Il en sera de même ici au sujet de l'éducation donc et de cette rentrée lors de laquelle le gouvernement ne temporise pas mais, sûr de lui, lance des offensives de tous côtés. Comme quoi, le Grenelle de l'éducation de l'année dernière : ce n'était pas pour rire. Mais ce n'est pas un sujet réservé aux enseignants car nous essaierons de voir en quoi c'est toute la société qui sera impactée et transformée parallèlement à la maison du mammouth qui semble avoir perdu toute capacité de nuisance face au néolibéralisme. 

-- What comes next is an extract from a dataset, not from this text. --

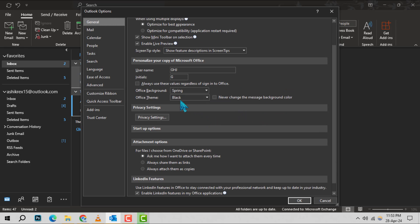You'll see an option for Office Theme. Click on the drop-down menu next to it. You'll be presented with several theme options.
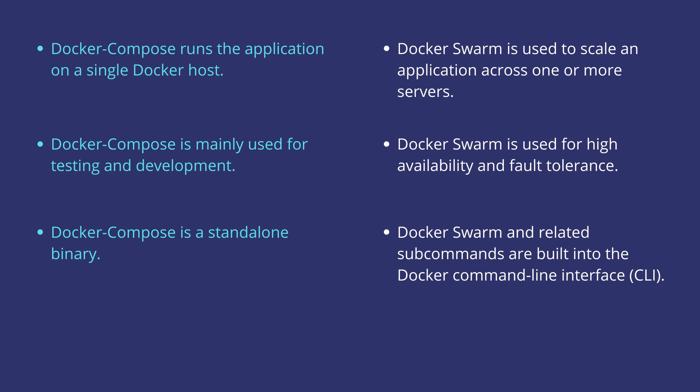Docker Compose runs the application on a single Docker host, whereas Docker Swarm is used to scale an application across one or more servers.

Mais commençons par les annonces marseillaises de M Macron concernant les directeurs d'écoles. Il s'agit de permettre à ces derniers de "choisir" leur équipe pédagogique ou en d'autres mots de recruter eux-mêmes directement les enseignants de leur école. Jusqu'à présent les affectations des enseignants se faisaient en suivant des règles objectives et connues de tous. Il s'agit d'un barème composé de différentes choses comme l'ancienneté, la stabilité sur un poste, exercice sur des postes difficiles à pourvoir etc. On peut trouver ce système imparfait, comme beaucoup d'enseignants, mais il est transparent (officiellement tout de moins puisque depuis peu (depuis Blanquer) les représentants syndicaux n'ont plus la possibilité de contrôler le déroulement des procédures d'affectations (2). L'idée est donc de remplacer ce système par un autre qu'on peut sans aucune crainte qualifier de plus opaque et subjectif. 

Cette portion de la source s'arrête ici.